June 19, 2009 ☼ ADB ☼ Arunachal Pradesh ☼ Asia ☼ border dispute ☼ China ☼ East Asia ☼ Economy ☼ Foreign Affairs ☼ geoeconomics
This is an archived blog post from The Acorn.
Qin Gang, China’s foreign ministry spokesman, made some eminently reasonable and sensible points yesterday. The Asian Development Bank’s approval of a loan package to India—which includes financing of a project in India’s Arunachal Pradesh state (which China calls ‘Southern Tibet’ and claims as its own)—he said, “can neither change the existence of immense territorial disputes between China and India, nor China’s fundamental position on its border issues with India…On China-India border issues, China always believes that the two sides should seek for a fair and equitable solution acceptable to both through bilateral negotiation.” (via Indrani Bagchi’s Globespotting blog)

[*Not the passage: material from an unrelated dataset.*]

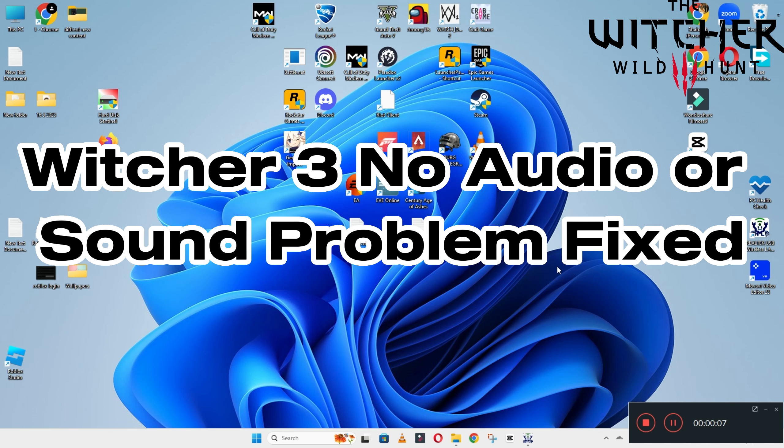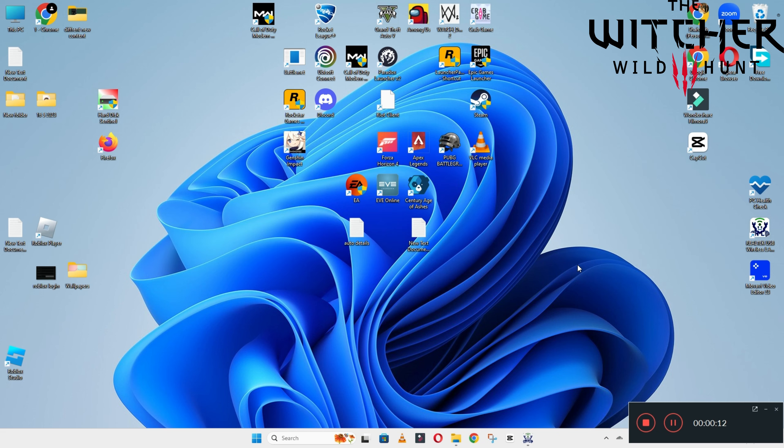Hello guys, welcome back to another video. In this video, I will show you how to fix the Witcher 3 no audio or sound problem on your Windows PC and laptop.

In other words, ADB’s approval of a loan doesn’t change the positions of India and China with respect to the territorial dispute, and that bilateral negotiations (not multilateral economic fora like the ADB) are the place to sort the issue out.
So who were those unreasonable and insensible people who thought otherwise? None other than the representatives of the People’s Republic of China. None of their counterparts on ADB’s governing board agreed. Diplomacy being the art it is, it was left to Mr Qin to sound as if it was someone else who was flagrantly violating the norms of conduct at multilateral economic institutions.
The Chinese foreign ministry, however, does not stop at that. Mr Qin goes on the offensive. The ADB, he warns, “should not intervene in the political affairs of its members. The adoption of the document has not only dealt a severe blow to its own reputation but also undermines the interests of its members. The Chinese Government strongly urges the ADB to take effective measures to eliminate the terrible impact thereof.”
China’s entire approach to the ADB loan issue signals a dangerous portent for Asia. It would perhaps have been understandable if China had limited its protest to a symbolic pro forma objection. To transform the ADB as a forum to push its position in a bilateral dispute is an entirely different matter—and one that has serious implications for its relations with its East Asian neighbours, with whom it has unsettled disputes too. A charitable explanation is that it couldn’t back down without losing face once it had fired the first salvo. If you feel less charitable, you will see fresh signs of a deliberate strategy to flex its economic muscles for purely political ends. When zero-sum games are pursued at positive-sum arenas, the latter quickly become the former.